# Defining an Environment

Here we will re-define the environment `two_segments_v1`

Every environment consists of
- a Mujoco Specification File (end in .xml)
- a Python File 

The .xml file is used be Mujoco to simulate the system. 

The Python file is used to define how to interface/interact with this Mujoco Simulation, e.g. what we are allowed to alter at every timestep (usually the control).


In [1]:
from dm_control.rl import control
from dm_control import mujoco
from collections import OrderedDict
import numpy as np 
from cc.env.envs.common import ASSETS 
from cc.utils.sample_from_spec import _spec_from_observation
from cc.env import make_env

----
Let's take a closer look at the content of the .py-file.

It contains to objects
- a `mujoco.Physics` object
- a `control.Task`

The `mujoco.Physics` object gives us a way to interact with the Mujoco simulation from Python.

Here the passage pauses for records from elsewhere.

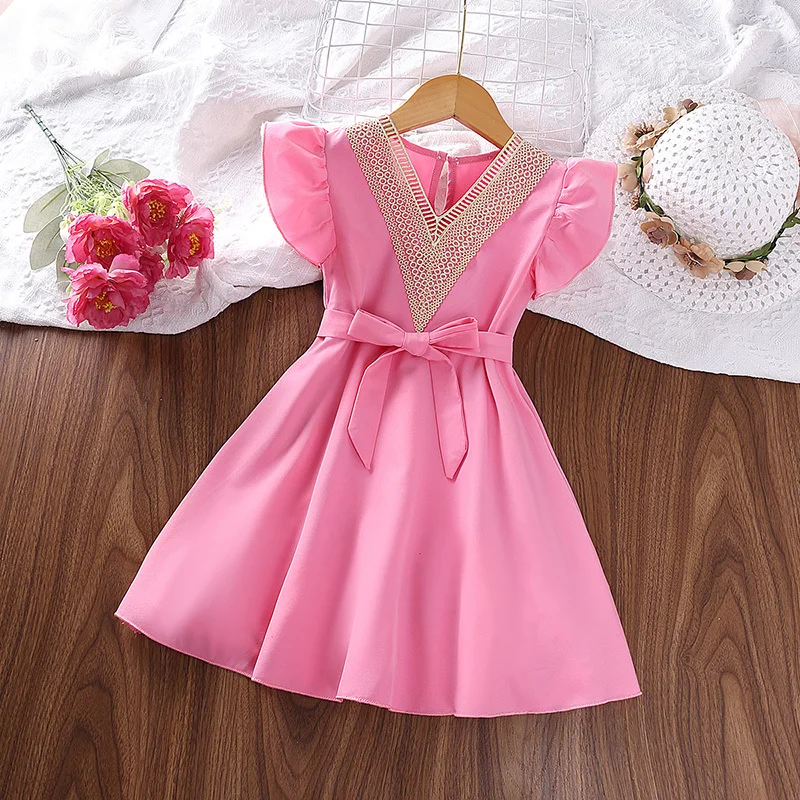 Kids For Girls 4-7 Years Solid Pink Belted Wing-Sleeve V-Neck Dress Sweet Style Summer Costume Baby Clothing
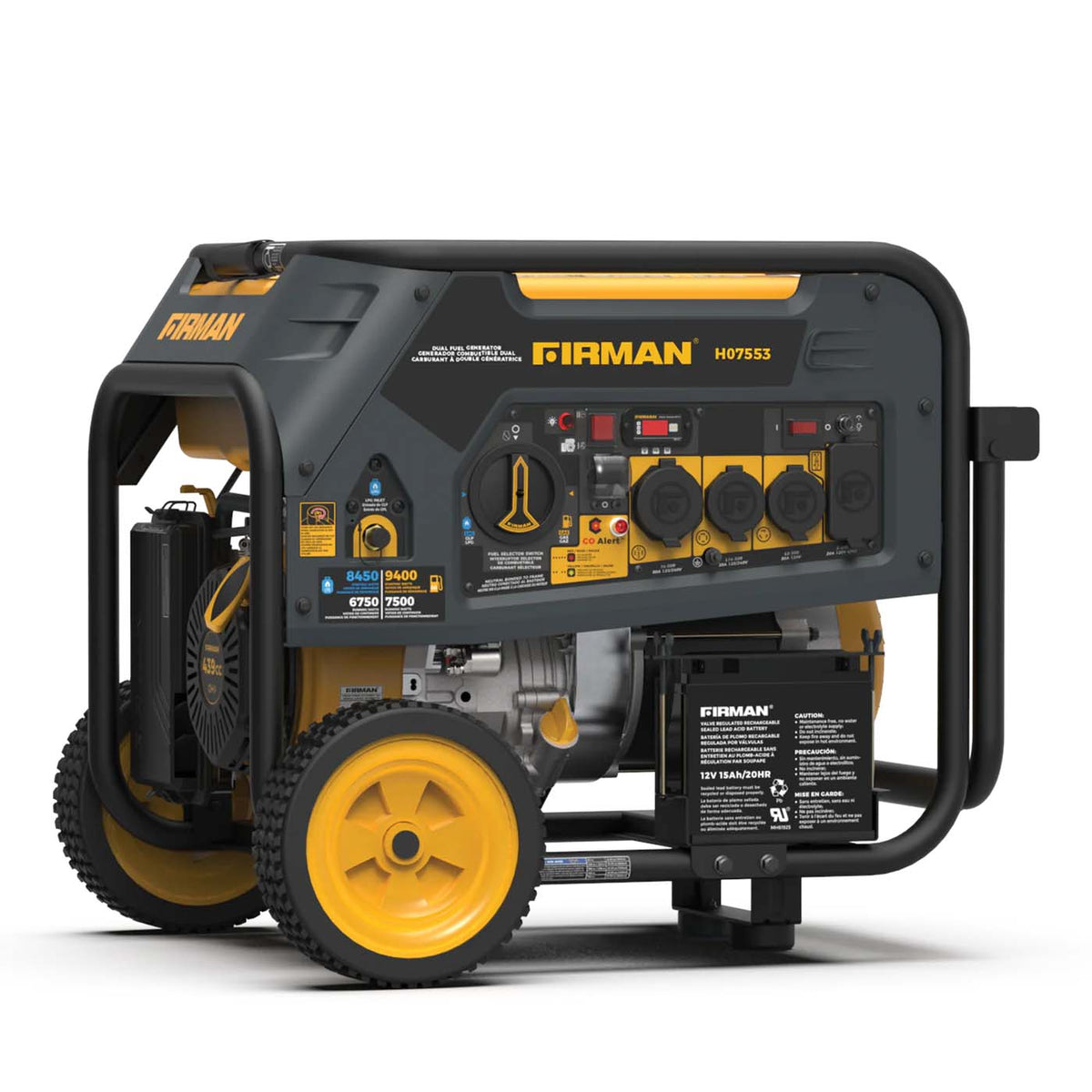 Firman H07553 Dual Fuel 9400W Portable Generator | Electric Start 120 ...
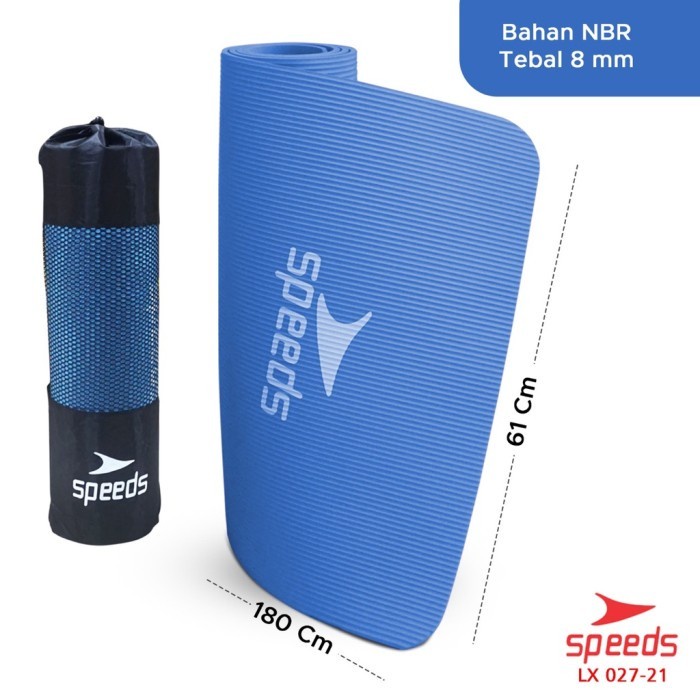 Premium Matras Yoga Mat Tebal 10MM Senam Matt Pilates PVC Camping - Hitam-Biru + Tas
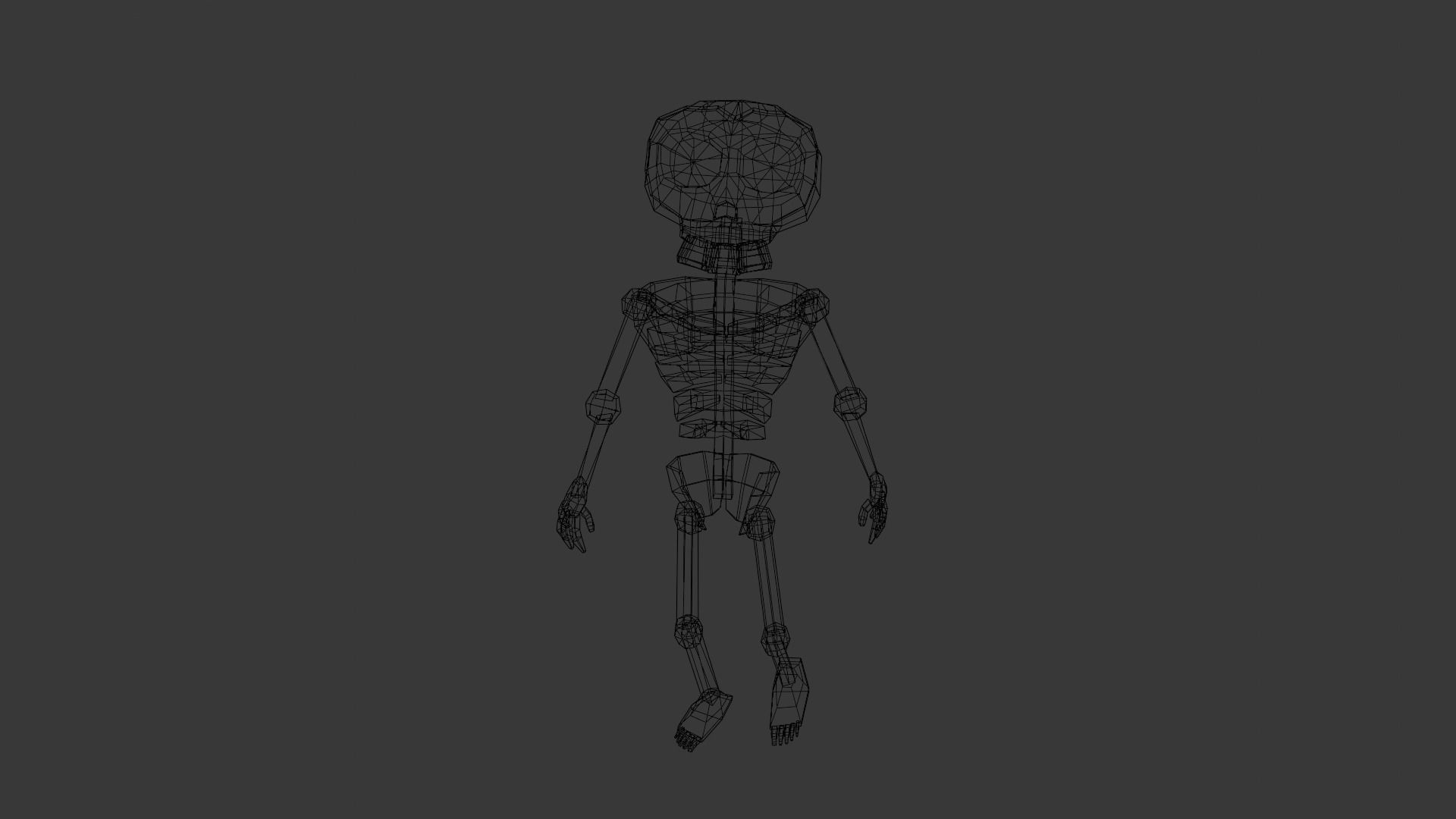 Cartoon Skeleton Animated Rigged Low-poly 3D model_9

A Mujoco Simulation is defined by a `.xml` file which may contain the following content:

In [2]:
mujoco_xml_string = r"""
<mujoco model="kinematic-chain">
  <include file="./common/skybox.xml"/>
  <include file="./common/visual.xml"/>
  <include file="./common/materials.xml"/>
  
  <option timestep="0.001" integrator="RK4">
    <flag contact="disable" gravity="disable" energy="enable"/>
  </option>
  
  <default>
    <default class="pole">
      <joint type="hinge" axis="0 1 0" stiffness="10" springref="0" damping="1e-1"/>
      <geom type="capsule" fromto="0 0 0 0 0 1" size="0.045" material="self" mass=".1"/>
    </default>
  </default>
  
  <worldbody>
    <light name="light" pos="0 0 36"/>
    
    <camera name="fixed" pos="0 -6 1" zaxis="0 -1 0"/>
    <camera name="lookatcart" mode="targetbody" target="cart" pos="0 -2 2"/>
    
    <geom name="floor" pos="0 0 -.25" size="100 100 .2" type="plane" material="grid"/>
    <geom name="rail1" type="capsule" pos="0  .07 2" zaxis="1 0 0" size="0.02 20" material="decoration" />
    <geom name="rail2" type="capsule" pos="0 -.07 2" zaxis="1 0 0" size="0.02 20" material="decoration" />
    

    <body name="cart" pos="0 0 2">
      <joint name="slider" type="slide" limited="true" axis="1 0 0" range="-999.8 999.8" damping="1e-3"/>
      <geom name="cart" type="box" size="0.1 0.15 0.05" material="self"  mass="1"/>
      <body name="pole_1" childclass="pole" euler="0 180 0" pos="0 0 -0.1">
        <joint name="hinge_1"/>
        <geom name="pole_1"/>
        <body name="pole_2" childclass="pole" pos="0 0 1.1">
          <joint name="hinge_2"/>
          <geom name="pole_2"/>
          <body name="segment_end" pos="0 0 1.0"/>
      	</body>
      </body>
    </body>
  </worldbody>

  <actuator>
    <motor name="slide" joint="slider" gear="5" ctrllimited="false"/>
  </actuator>
  
</mujoco>
"""

In [3]:
class SegmentPhysics(mujoco.Physics):

    def xpos_of_segment_end(self):
        return self.named.data.xpos["segment_end", "x"]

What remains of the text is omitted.